=== Assignment ===
Reproduce exactly, and only, the lines of the material below running from the line bearing "Hi, this video" through the line bearing "Click Save Settings". Leave any pictures out.

=== Information ===
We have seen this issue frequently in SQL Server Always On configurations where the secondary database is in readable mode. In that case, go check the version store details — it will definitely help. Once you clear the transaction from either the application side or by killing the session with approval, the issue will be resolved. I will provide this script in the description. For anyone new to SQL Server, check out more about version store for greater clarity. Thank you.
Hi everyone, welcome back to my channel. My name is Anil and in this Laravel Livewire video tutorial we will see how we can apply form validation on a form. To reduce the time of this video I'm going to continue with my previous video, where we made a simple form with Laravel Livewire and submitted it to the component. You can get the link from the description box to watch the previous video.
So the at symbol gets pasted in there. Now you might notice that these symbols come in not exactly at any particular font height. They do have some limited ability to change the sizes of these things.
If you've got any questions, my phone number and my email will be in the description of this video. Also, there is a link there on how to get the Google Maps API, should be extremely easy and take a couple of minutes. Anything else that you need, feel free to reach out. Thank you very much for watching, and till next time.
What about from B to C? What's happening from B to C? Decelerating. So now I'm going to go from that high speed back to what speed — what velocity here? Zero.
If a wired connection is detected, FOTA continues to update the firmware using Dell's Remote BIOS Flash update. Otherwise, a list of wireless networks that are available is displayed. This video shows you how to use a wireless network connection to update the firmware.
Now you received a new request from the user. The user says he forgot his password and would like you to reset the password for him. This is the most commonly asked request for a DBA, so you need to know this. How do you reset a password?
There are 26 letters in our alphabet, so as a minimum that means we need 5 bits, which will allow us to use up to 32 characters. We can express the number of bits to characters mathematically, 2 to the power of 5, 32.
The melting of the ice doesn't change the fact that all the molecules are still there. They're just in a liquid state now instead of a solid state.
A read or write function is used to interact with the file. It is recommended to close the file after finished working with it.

...

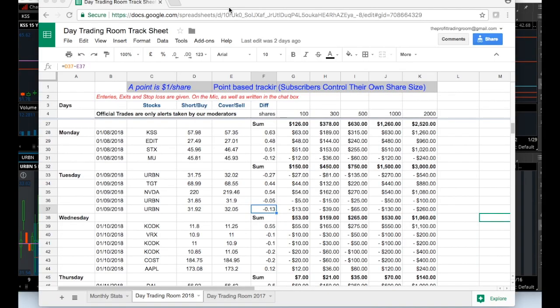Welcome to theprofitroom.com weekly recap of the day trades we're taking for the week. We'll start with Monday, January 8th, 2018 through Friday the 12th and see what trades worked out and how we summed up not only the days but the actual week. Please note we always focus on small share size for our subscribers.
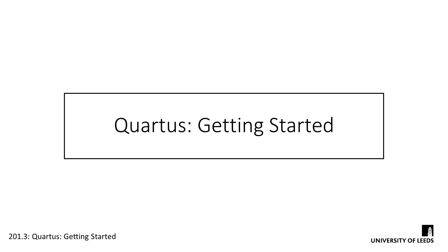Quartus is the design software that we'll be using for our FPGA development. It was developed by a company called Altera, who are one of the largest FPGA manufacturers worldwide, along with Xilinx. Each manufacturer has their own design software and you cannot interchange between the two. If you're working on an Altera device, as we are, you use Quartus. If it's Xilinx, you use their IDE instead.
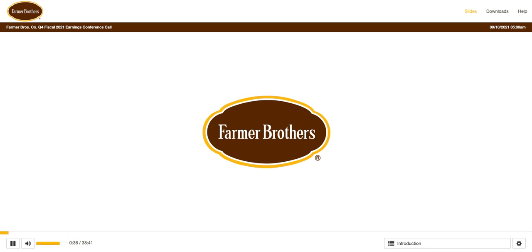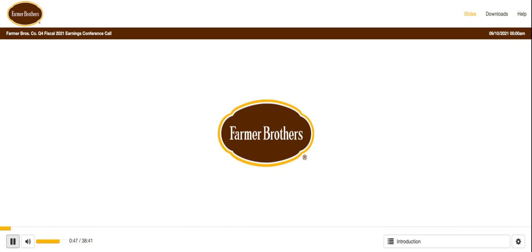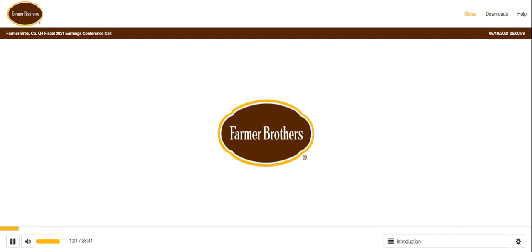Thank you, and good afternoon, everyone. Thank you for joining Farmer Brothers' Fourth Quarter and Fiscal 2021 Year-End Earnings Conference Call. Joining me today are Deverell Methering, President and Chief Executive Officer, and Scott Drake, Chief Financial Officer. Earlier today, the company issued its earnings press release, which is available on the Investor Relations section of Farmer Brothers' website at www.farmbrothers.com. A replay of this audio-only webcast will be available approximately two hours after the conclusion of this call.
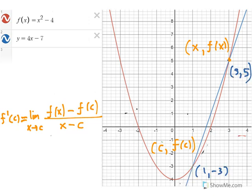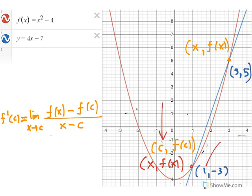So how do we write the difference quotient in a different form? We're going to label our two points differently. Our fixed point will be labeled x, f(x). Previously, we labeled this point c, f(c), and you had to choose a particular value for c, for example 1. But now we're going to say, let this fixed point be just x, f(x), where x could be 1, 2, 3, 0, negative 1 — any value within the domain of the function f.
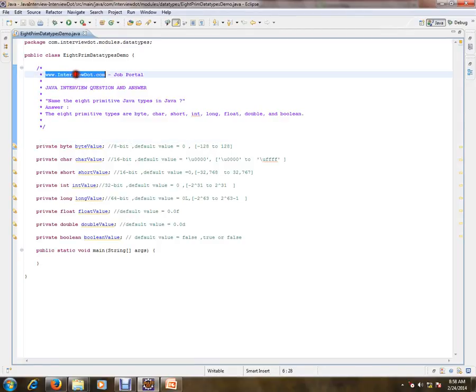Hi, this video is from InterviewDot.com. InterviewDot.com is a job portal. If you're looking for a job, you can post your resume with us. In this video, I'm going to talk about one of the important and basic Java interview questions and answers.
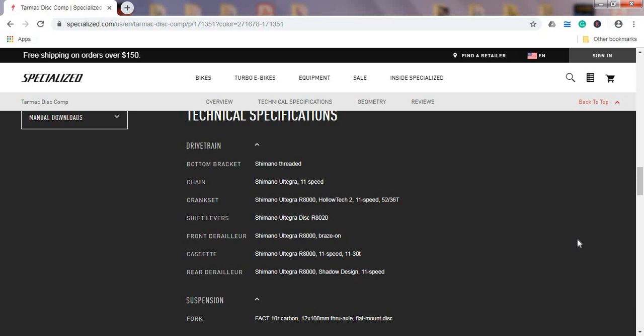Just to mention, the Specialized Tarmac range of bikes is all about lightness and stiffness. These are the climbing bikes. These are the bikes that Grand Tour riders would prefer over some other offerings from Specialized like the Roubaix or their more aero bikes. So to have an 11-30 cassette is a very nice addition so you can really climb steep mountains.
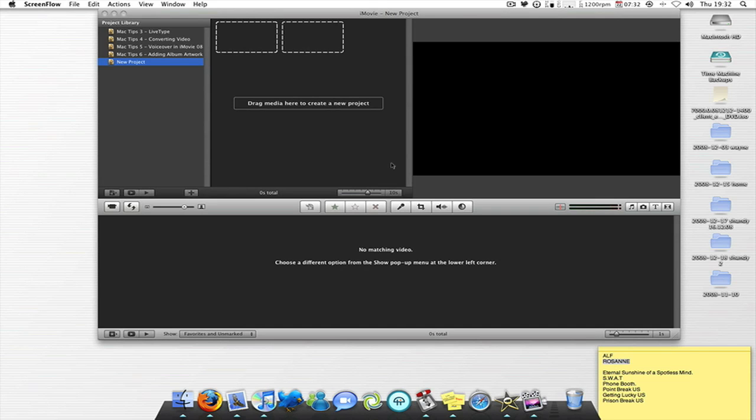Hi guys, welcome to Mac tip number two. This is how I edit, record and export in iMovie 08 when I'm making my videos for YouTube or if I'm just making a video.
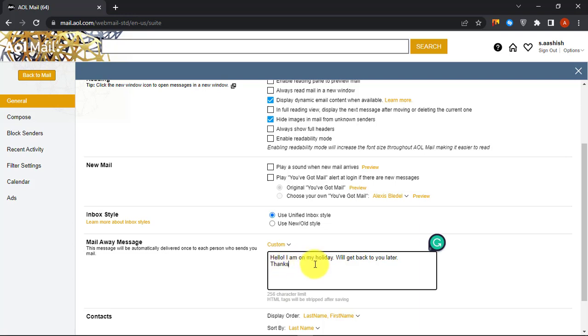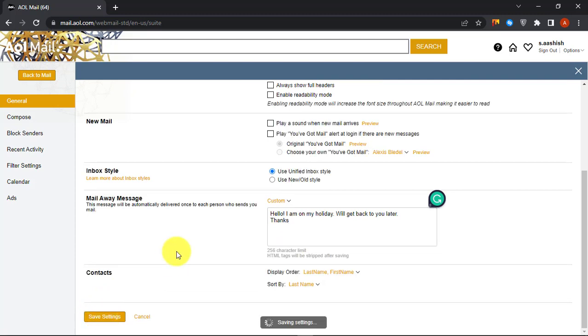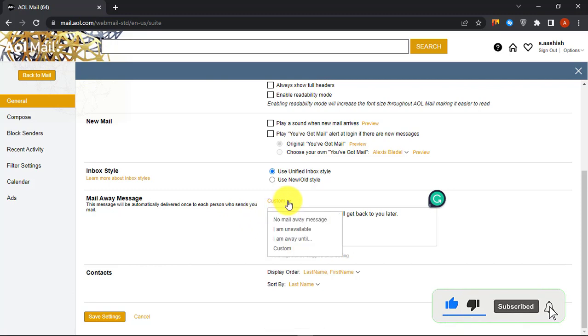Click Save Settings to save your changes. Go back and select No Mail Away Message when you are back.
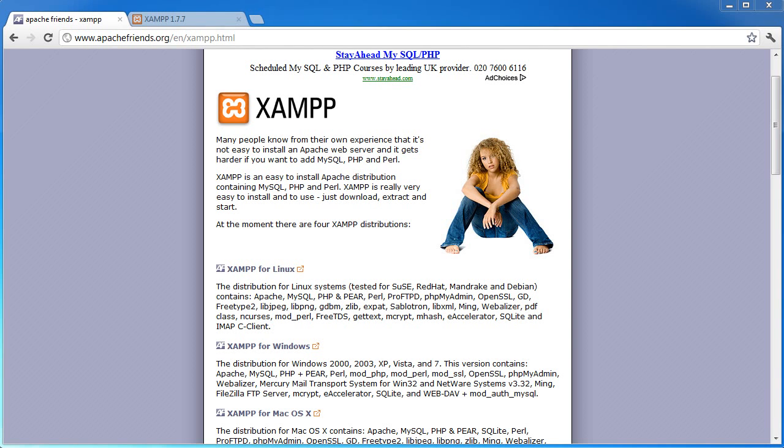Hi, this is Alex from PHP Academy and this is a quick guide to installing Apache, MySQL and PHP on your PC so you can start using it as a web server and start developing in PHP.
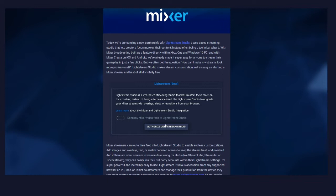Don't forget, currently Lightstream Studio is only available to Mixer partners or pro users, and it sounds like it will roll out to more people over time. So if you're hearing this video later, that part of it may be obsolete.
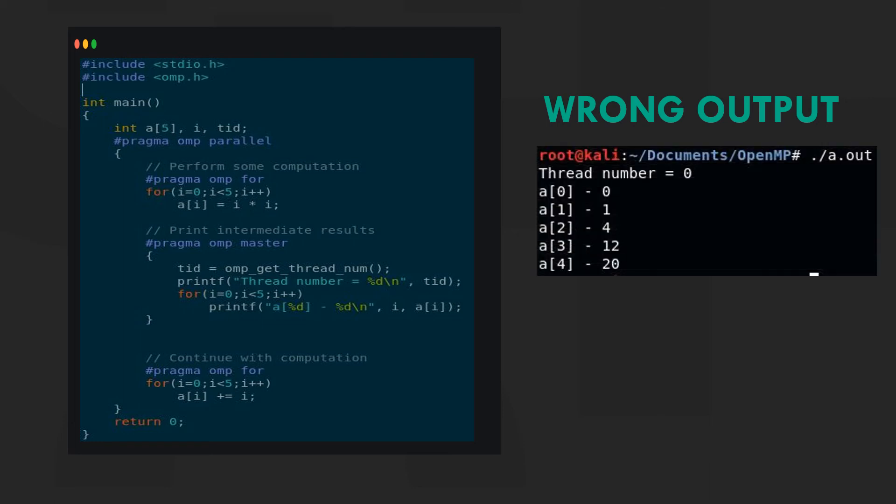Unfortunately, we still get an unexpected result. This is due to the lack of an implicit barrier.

=== Reply ===
Hi, this video is from InterviewDot.com. InterviewDot.com is a job portal. If you're looking for a job, you can post your resume with us. In this video, I'm going to talk about one of the important and basic Java interview questions and answers.
Just to mention, the Specialized Tarmac range of bikes is all about lightness and stiffness. These are the climbing bikes. These are the bikes that Grand Tour riders would prefer over some other offerings from Specialized like the Roubaix or their more aero bikes. So to have an 11-30 cassette is a very nice addition so you can really climb steep mountains.
Hi guys, welcome to Mac tip number two. This is how I edit, record and export in iMovie 08 when I'm making my videos for YouTube or if I'm just making a video.
Click Save Settings to save your changes. Go back and select No Mail Away Message when you are back.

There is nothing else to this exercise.